Joël Dicker became Europe's publishing sensation of 2013 when his book La Vérité sur l'Affaire Harry Quebert sold more than a million copies in France. Now an international bestseller, it is likely to be the top holiday read this summer.

Dicker's novel is the story of two writers. Marcus Goldman is (like Dicker) still in his 20s. Goldman's first novel was a huge bestseller and now he's stuck on his follow-up book.

At this moment, his former college teacher, Harry Quebert, is charged with murdering 15-year-old Nola Kellergan, with whom he had fallen madly in love and who disappeared under mysterious circumstances 30 or so years earlier. Goldman goes back to the small town in New Hampshire, where he had gone to college, to try and clear his mentor's name.

It is not hard to see why The Truth About the Harry Quebert Affair has been such a hit in Europe. It is a real page-turner. The plot twists and turns with some intriguing revelations and gathers speed over the last hundred pages. It moves between the present and the past: 1975 when Nola disappears; 2008 when her body is found and Goldman returns to New England.

It is not hard to see why it has been such a hit in Europe

Dicker has chosen his setting well: small-town America, complete with diner, college, seaside, dark impenetrable forest and our old friend, the long hot summer. Dicker fills his small town with a cast of familiar characters, all with dark secrets to hide. Think The Killing meets Twin Peaks, both about a young girl who disappears mysteriously from a town full of gothic characters.

However, unlike these TV series, Dicker has added a literary cleverness to draw in another kind of reader. His novel is full of knowing literary references, to Lolita (of course) and Philip Roth's The Human Stain, among others. Quebert's lawyer is called Roth and, like Coleman Silk in Roth's book, he was an avid boxer in his youth, became a college teacher at a small establishment in New England and is an outsider in a community which seems warm and friendly but under the surface is full of menace. Harry Quebert himself has echoes of Nabokov's Humbert Humbert, just as Lola has echoes of Lolita.

But Lolita and The Human Stain are great novels, beautifully written.

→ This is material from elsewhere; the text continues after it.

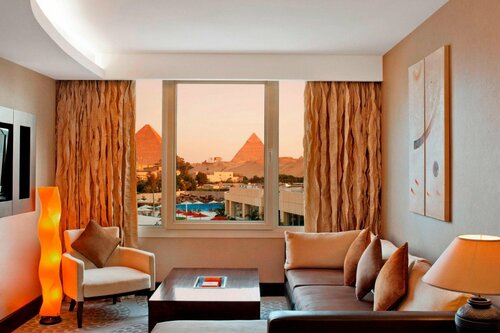 Le Méridien Pyramids Hotel & Spa, Book Ferieresort Resorthoteller i Kairo, Ferieresort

Dicker's book is a middlebrow thriller, sensationalist, melodramatic, and implausible, leading the reader to suspect one character after another before moving on. Not one of the characters is truly engaging, least of all the two central protagonists, Goldman and Quebert. They are not Laura Palmer or Dale Cooper, let alone Lolita or Coleman Silk. As for the Jewish mother, you could (maybe should) skip the scenes where she appears.

International bestsellers (think Dan Brown, Jurassic Park, The Name of the Rose) are often lowbrow playing at being highbrow; Dicker does the same. It is a crowd-pleaser but, in the end, nothing more. Yet, like his hero, Marcus Goldman, there is no denying that Joël Dicker has hit the jackpot at his very first attempt.